As Resistance your appearance is rough and ready, with torn clothes and makeshift outfits. As Security you’re quite the opposite: clean, well armoured and well equipped. Both display the sheer effort Splash Damage have gone to in not only creating stunning character models, but polished and solid outfits, hair styles, faces and colour schemes. As someone who has played many MMOGs over the years and toyed with countless character creators, Brink has to be one of my all time favourites, even without the ability to manually change my character’s physical proportions.
After deciding your appearance it’s time to get in game.

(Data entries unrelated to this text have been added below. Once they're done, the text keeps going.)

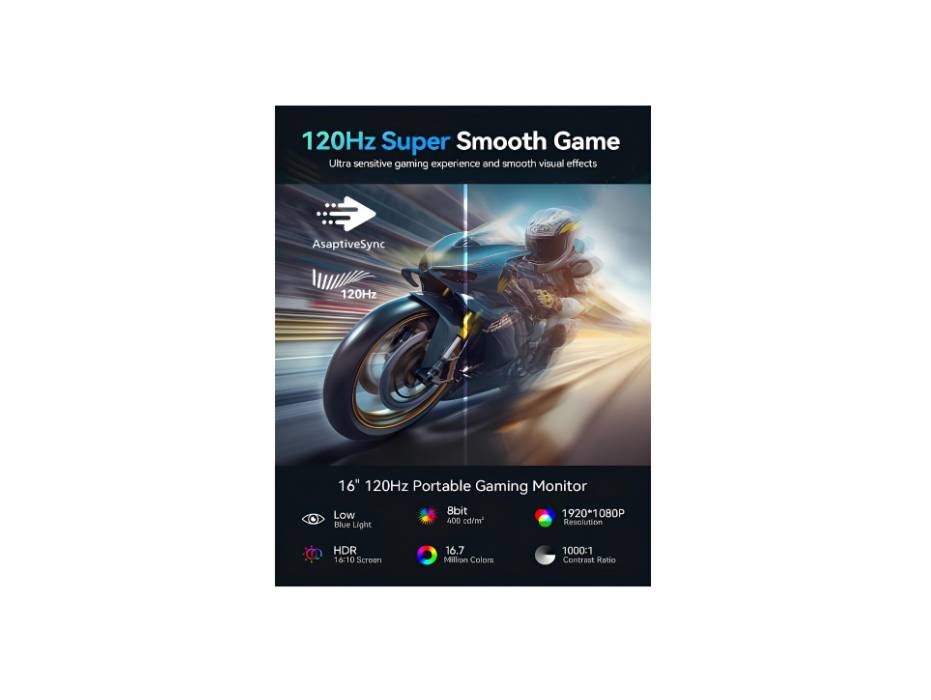 UPERFECT 16” Portable Gaming Monitor | 120HZ, HDR | 400Nits |1080P IPS | Ultra-Slim & Lightweight | Travel External Second Screen for Laptop, PC, Game Console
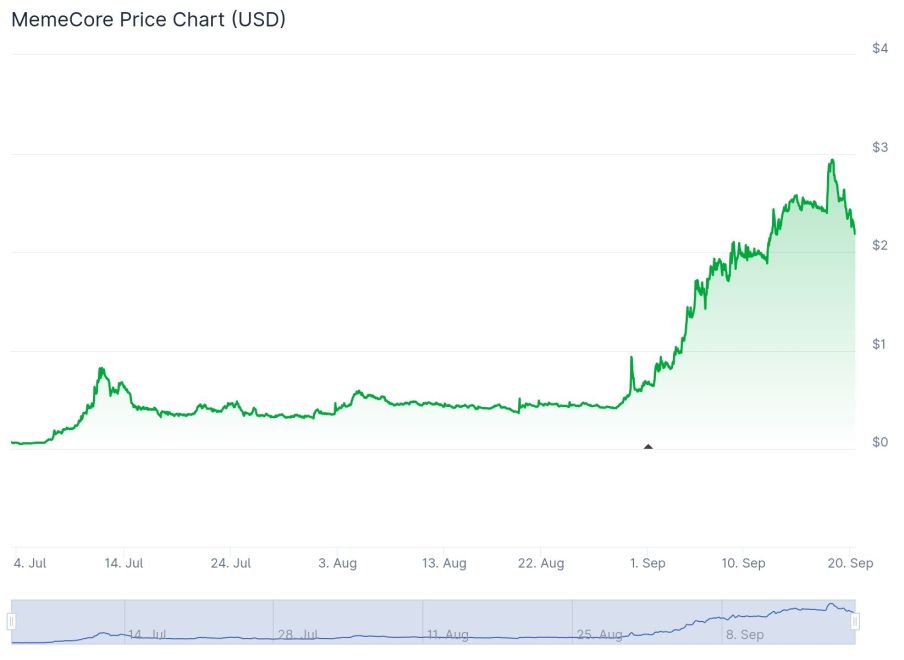Quelle: Coingecko.com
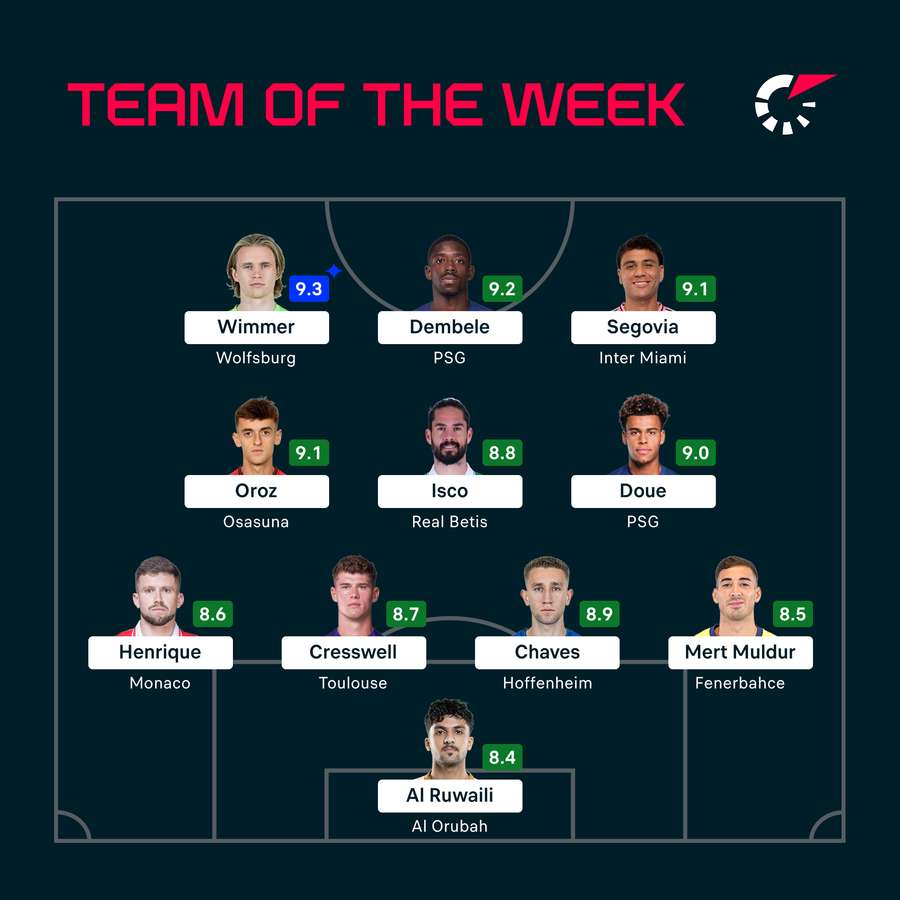 Team of the Week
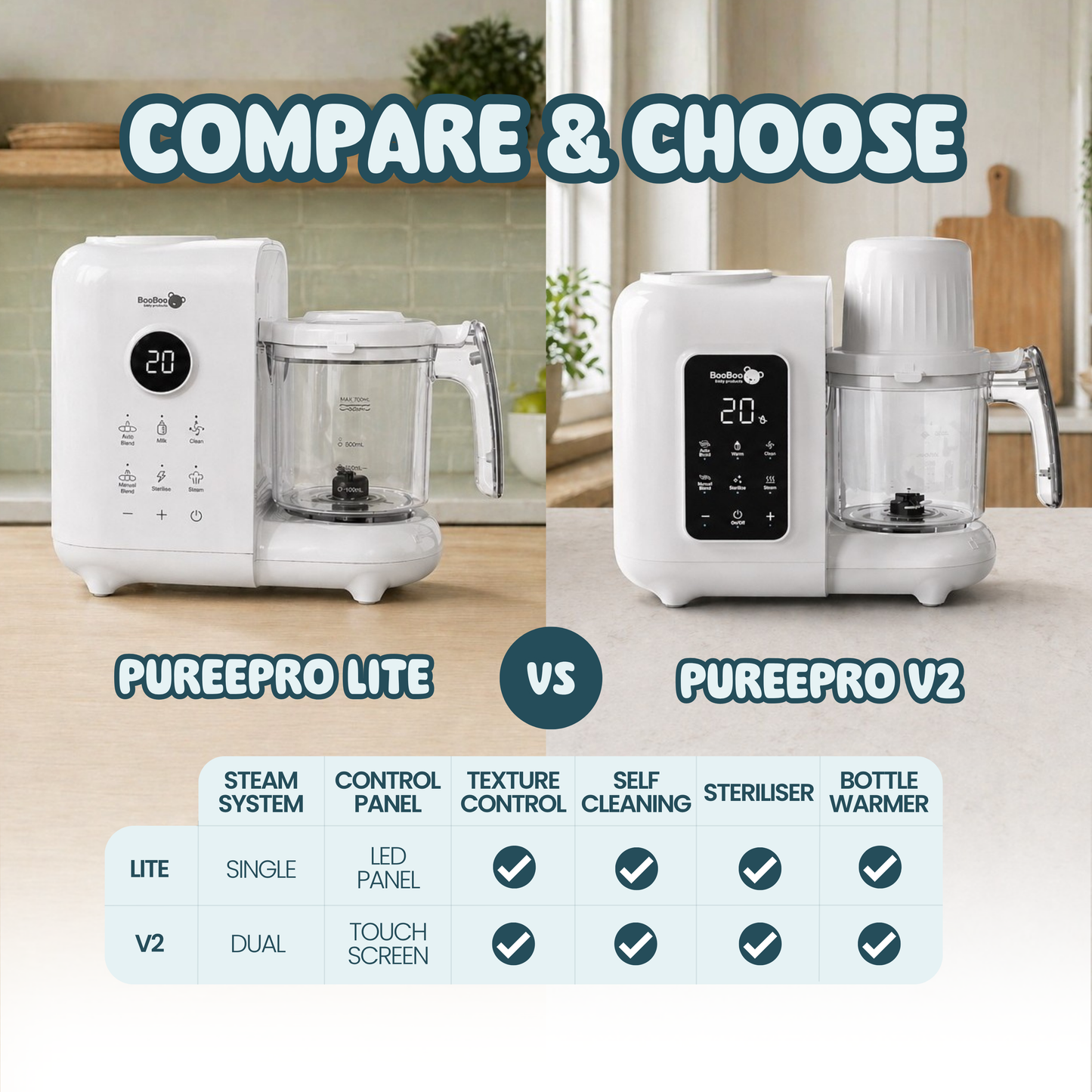 PureePro Lite 5-in-1 Self-Cleaning Baby Food Maker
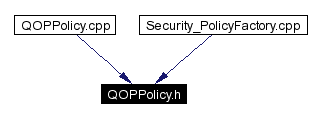 Included by dependency graph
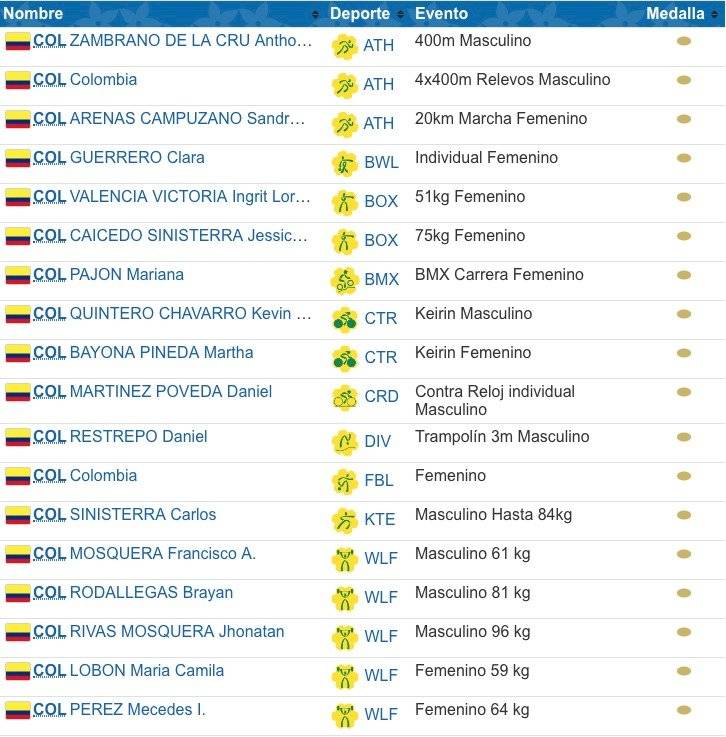 Oros Colombia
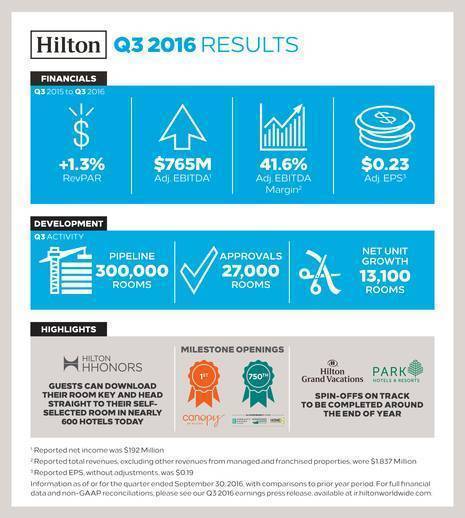 Hilton Grand Vacations Points Chart 2015
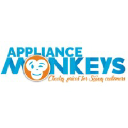 appliancemonkeys.com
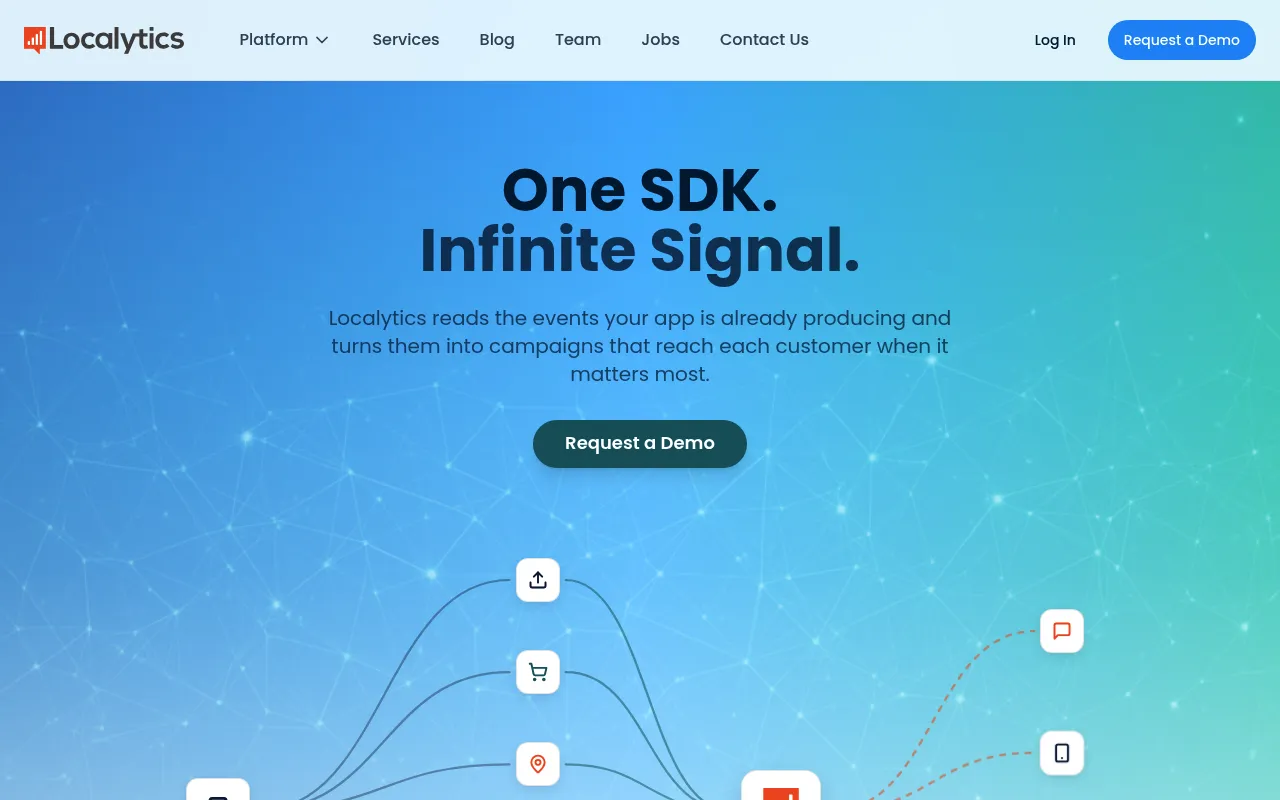 Localytics screenshot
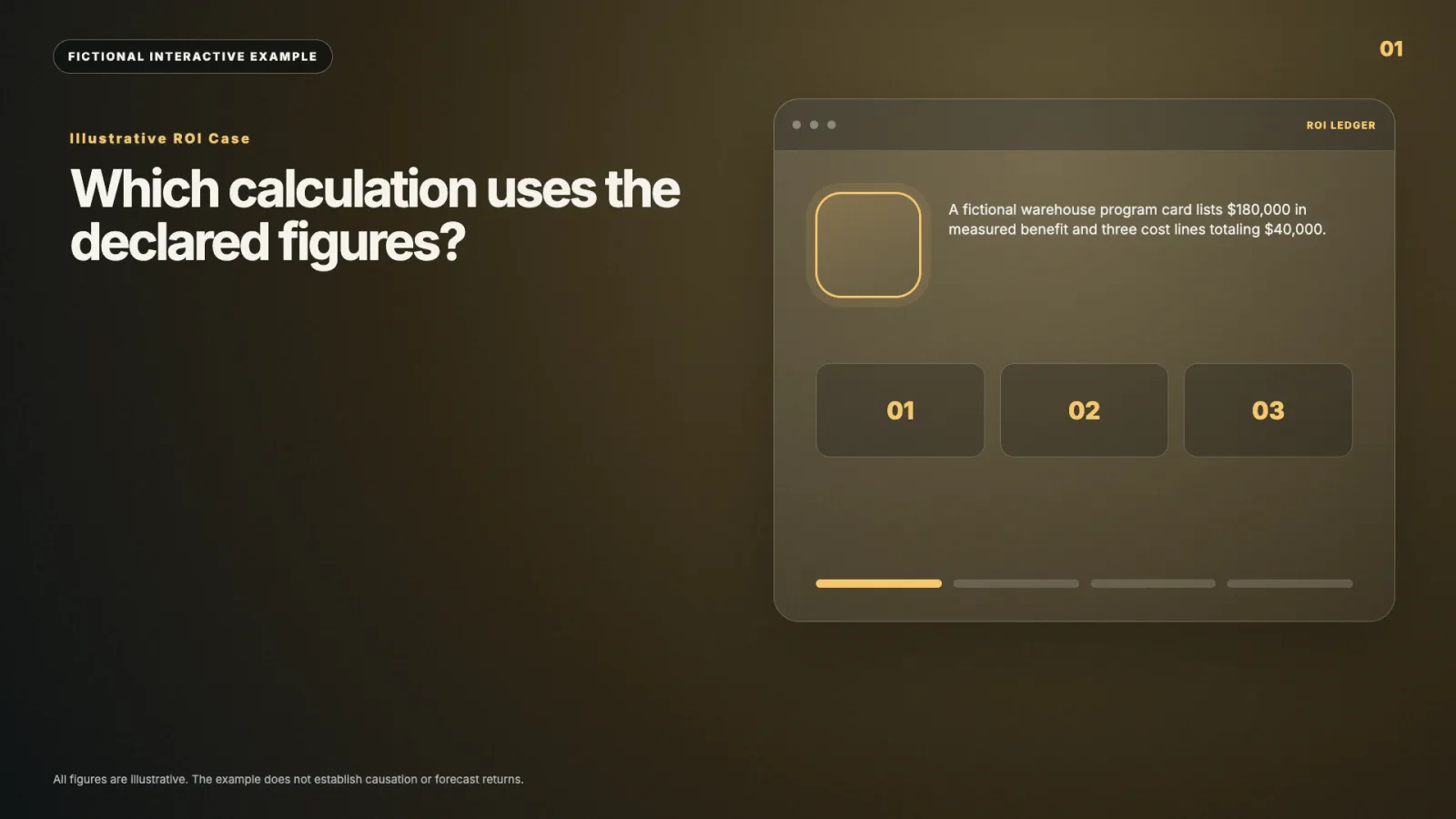 Illustrative ROI Case interactive video example
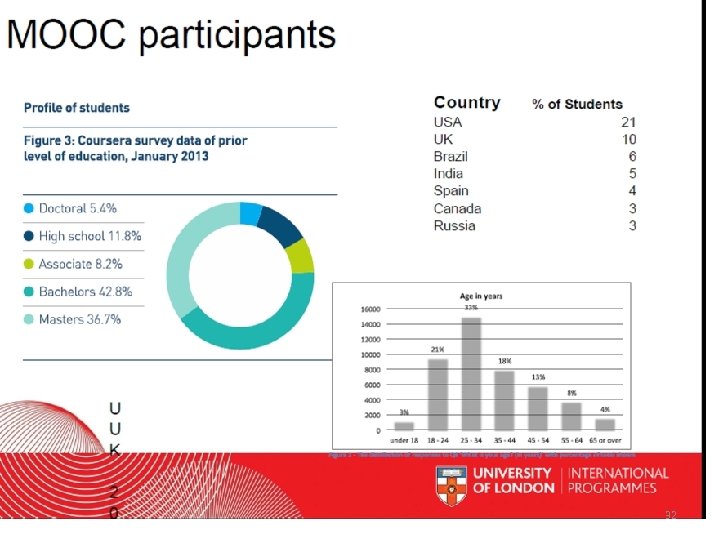 MOOCs – Massive Open Online Courses 32 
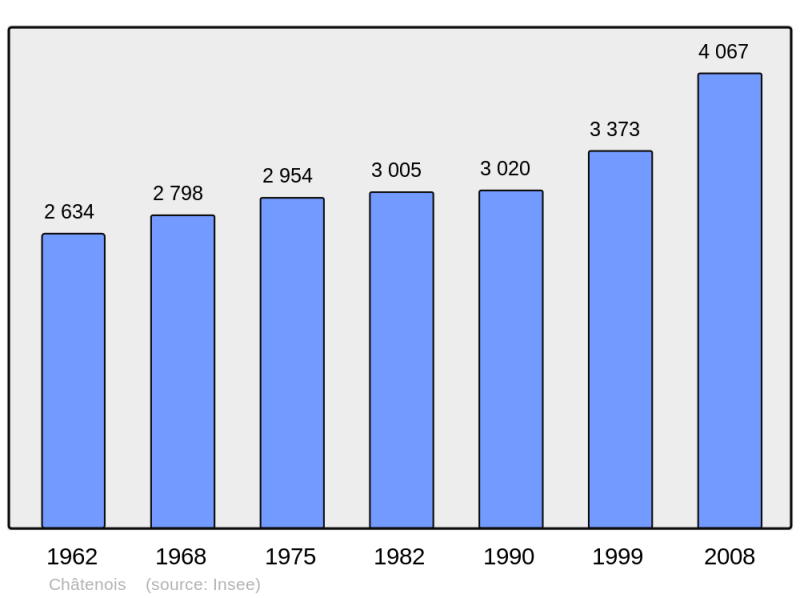 Soubor:Population - Municipality code 67073.png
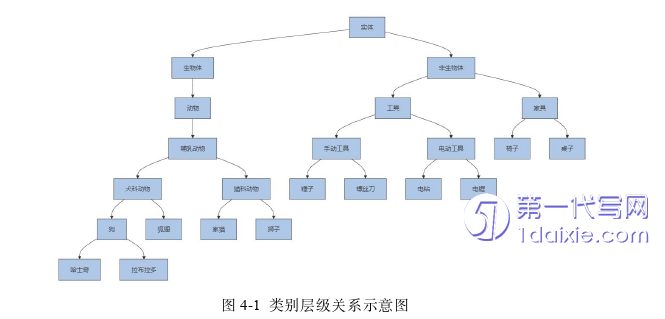 计算机论文参考 计算机论文参考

Brink is split into three elements: Campaign (single player, but with A.I. bots); Freeplay (online, with human and bot players); and Challenges (various scenarios to teach and test you on mechanics of the game). I really can’t stress enough how you should complete all the challenge modes first. Not only will they teach you the basics of Brink first hand, as well as the classes, but they are also a great deal of fun and difficult, allowing you to unlock weapon attachments and earn a good quantity of experience. Having weapon scopes and different magazine types makes a huge difference when fighting against human players, so make it your first port of call and get adjusting those guns.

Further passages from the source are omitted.